Shapes to Sound
This blog post is still a work in progress, hehe.
Introduction
Back in 2022, I finished up my master’s degree and completed my dissertation project looking at the relationship between shape and sound. This was a side project to larger work being undertaken by Sebastian Löbbers - you can find his research here.
As part of my work, I used data collected by Sebastian to train a multi-class classifier to classify six categories of shapes to a corresponding sound descriptor and I was pretty happy with how the final results came out. Below is a confusion matrix showing the ground truth labelling against the predicted labelling.
Ok, so the confusion matrix looks a little bit messy - but you’ll understand my reasoning for being happy with these results after I’ve explained my thinking.
The Data
As I was using data collected from a small study, there wasn’t much of it. BUT luckily, the sketches collected were stored in the same format of those in the Quick, Draw! dataset by Google - so I could make use of the machine learning technique transfer learning.

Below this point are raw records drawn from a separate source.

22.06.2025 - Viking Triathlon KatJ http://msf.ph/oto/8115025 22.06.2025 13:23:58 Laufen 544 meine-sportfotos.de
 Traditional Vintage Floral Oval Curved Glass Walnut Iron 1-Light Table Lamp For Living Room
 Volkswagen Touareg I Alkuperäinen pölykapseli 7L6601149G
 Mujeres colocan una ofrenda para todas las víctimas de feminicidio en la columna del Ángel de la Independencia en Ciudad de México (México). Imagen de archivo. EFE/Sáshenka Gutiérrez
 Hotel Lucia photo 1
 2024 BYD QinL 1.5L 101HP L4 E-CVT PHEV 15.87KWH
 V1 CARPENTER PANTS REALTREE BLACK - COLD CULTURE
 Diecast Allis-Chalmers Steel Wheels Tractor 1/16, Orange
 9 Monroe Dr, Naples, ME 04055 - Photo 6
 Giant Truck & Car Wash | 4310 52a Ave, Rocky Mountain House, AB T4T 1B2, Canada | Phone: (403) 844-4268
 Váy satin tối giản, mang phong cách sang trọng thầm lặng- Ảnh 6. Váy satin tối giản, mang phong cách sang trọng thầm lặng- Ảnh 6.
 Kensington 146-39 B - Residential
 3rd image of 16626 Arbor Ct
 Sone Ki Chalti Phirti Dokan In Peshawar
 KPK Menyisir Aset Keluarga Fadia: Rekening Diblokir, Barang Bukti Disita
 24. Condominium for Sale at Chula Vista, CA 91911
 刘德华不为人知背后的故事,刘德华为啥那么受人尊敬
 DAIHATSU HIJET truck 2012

I selected six categories from the dataset that represented abstract shapes, these ended up being: circle, line, square, squiggle, tornado and zig-zag. These categories had a lot more samples that the Sketching Sounds dataset (2500 per category vs 62 per catgeory) and could be used to pretrain the classification network. After this round of training, part of the network was frozen and the smaller training dataset was run through. To help a little bit, data augmentation was applied via a random scaling of sketches for both datasets.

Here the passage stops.